I shook my head. Pointed at Staff, at Axe, at him, at myself. Four.

He thought about it. Then he nodded.

Then he pointed west and held up three fingers, eyes questioning. 𝗳𝚛𝚎𝚎𝘄𝕖𝕓𝕟𝕠𝚟𝚎𝕝.𝗰𝕠𝐦

I looked west. There were three climbers — all solo, all clearly lost — standing near a mid-sized pillar block with no idea what to do. He had noticed them before I did. He had been watching the floor layout while pushing the stone alone.

I reconsidered Plate. He wasn’t just a brute-force solo climber. He was observant. He had been trying to do everything himself not out of ego but because no one had managed to organize anything in his vicinity.

I pointed at him, then at the three solos, then traced a recruitment gesture — the same one I had used on Staff originally.

He understood immediately. He pushed off from the cornerstone — gently this time, carefully — and headed toward the three solos at an unhurried walk.

Good.

Staff appeared at my shoulder. He had watched the whole exchange. He tapped his staff against the ground twice, three times, twice — our base signal, which by now meant something like: understood, ready to move.

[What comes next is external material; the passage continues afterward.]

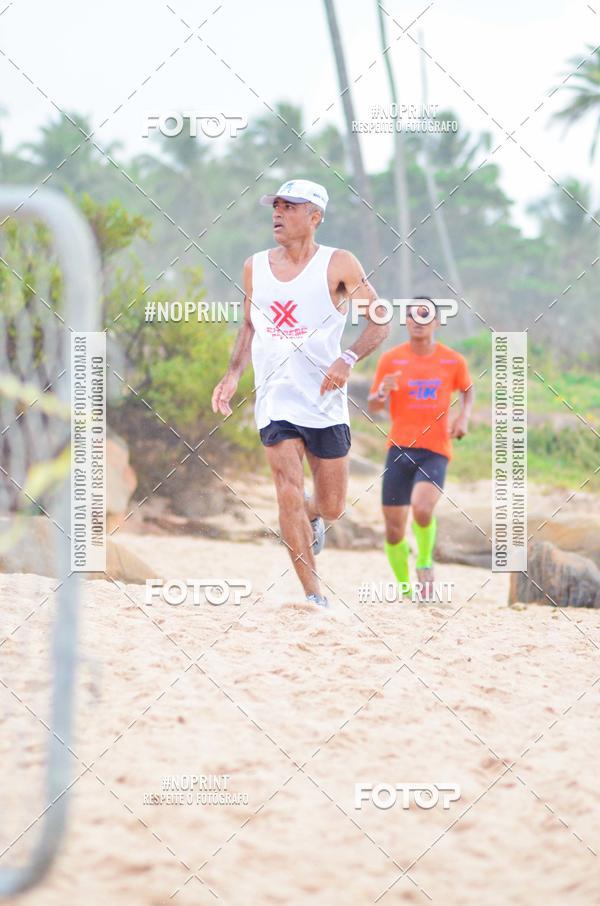 Compre suas fotos do eventoEXTREME BEACH RUN no Fotop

I looked at the cornerstone. The crack was bad but the block was still structurally sound if handled with distributed force and the right orientation. I ran my hand along the sides, checking the carved symbols. Corner-connection symbol on two faces. Foundational anchor on the third. Load-bearing joint on the fourth.

This went on the east side of the foundation base, not the center. The grey-geared team had placed a block there already but left a gap at the southeast corner. This piece fit that gap.

Forty meters. Flat terrain. Four people minimum to push safely.

I looked up. The harpies in the upper scaffolding were circling. One had begun its pre-dive behavior — wings partially folded, banking tight circles, head angled down.

They always dove when a large block moved.

I tapped a new pattern on my vambrace: four quick taps, pause, one. I had established this one in the first hour. It meant: incoming air, hold positions, wait for dive.

Staff repeated it on his staff shaft. Axe had learned it watc... he looked up immediately.

We waited.

The harpy dove.

It came in fast, aiming for the group of three solos that Plate was currently walking toward. Smart targeting — isolate and scatter the outer elements before the main group could integrate them.

Plate reacted.

His right arm extended and he caught the harpy by the ankle with one hand ... bare hand, no glove as it came in at talon-first.

His whole body torqued under the force of impact.

He didn’t fall and swung the harpy in a short arc and drove it sideways into the ground with a sound like a dropped building.